■ TO DO ■
For each line in the data below that has the word "Building", copy that line.

■ THE INPUT ■

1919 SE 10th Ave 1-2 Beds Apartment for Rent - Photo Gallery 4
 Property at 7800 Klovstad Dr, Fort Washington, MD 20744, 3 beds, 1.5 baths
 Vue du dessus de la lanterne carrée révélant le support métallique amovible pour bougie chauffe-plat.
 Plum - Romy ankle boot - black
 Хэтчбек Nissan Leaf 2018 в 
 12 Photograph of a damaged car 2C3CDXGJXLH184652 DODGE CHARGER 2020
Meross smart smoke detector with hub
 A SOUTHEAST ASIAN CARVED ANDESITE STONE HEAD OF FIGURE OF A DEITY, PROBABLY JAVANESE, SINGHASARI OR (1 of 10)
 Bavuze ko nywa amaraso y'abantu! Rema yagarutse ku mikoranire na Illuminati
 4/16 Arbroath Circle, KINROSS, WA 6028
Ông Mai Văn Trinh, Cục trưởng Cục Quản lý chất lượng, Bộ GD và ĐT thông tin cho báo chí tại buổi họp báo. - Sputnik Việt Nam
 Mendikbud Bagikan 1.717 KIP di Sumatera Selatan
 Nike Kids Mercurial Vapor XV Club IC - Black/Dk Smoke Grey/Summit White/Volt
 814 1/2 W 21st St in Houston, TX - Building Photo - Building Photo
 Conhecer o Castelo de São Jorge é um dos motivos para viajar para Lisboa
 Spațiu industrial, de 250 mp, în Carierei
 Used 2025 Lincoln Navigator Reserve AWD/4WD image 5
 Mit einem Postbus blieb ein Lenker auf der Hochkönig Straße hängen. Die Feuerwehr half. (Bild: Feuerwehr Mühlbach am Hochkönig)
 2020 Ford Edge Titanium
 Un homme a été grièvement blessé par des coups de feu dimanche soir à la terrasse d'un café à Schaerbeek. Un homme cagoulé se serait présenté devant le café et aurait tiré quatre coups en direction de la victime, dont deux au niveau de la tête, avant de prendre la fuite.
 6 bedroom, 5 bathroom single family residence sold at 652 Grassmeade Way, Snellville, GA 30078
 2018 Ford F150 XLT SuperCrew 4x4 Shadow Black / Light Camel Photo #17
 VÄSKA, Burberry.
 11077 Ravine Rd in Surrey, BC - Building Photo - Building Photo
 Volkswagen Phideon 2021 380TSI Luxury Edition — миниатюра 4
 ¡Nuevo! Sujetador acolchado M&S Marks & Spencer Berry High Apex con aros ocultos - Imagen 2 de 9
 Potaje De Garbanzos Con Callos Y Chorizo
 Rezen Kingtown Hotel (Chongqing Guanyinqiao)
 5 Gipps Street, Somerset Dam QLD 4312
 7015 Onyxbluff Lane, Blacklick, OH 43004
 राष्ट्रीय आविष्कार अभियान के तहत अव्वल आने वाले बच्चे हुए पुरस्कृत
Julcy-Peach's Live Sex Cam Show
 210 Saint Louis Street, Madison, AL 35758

■ EXPECTED ANSWER ■
 814 1/2 W 21st St in Houston, TX - Building Photo - Building Photo
 11077 Ravine Rd in Surrey, BC - Building Photo - Building Photo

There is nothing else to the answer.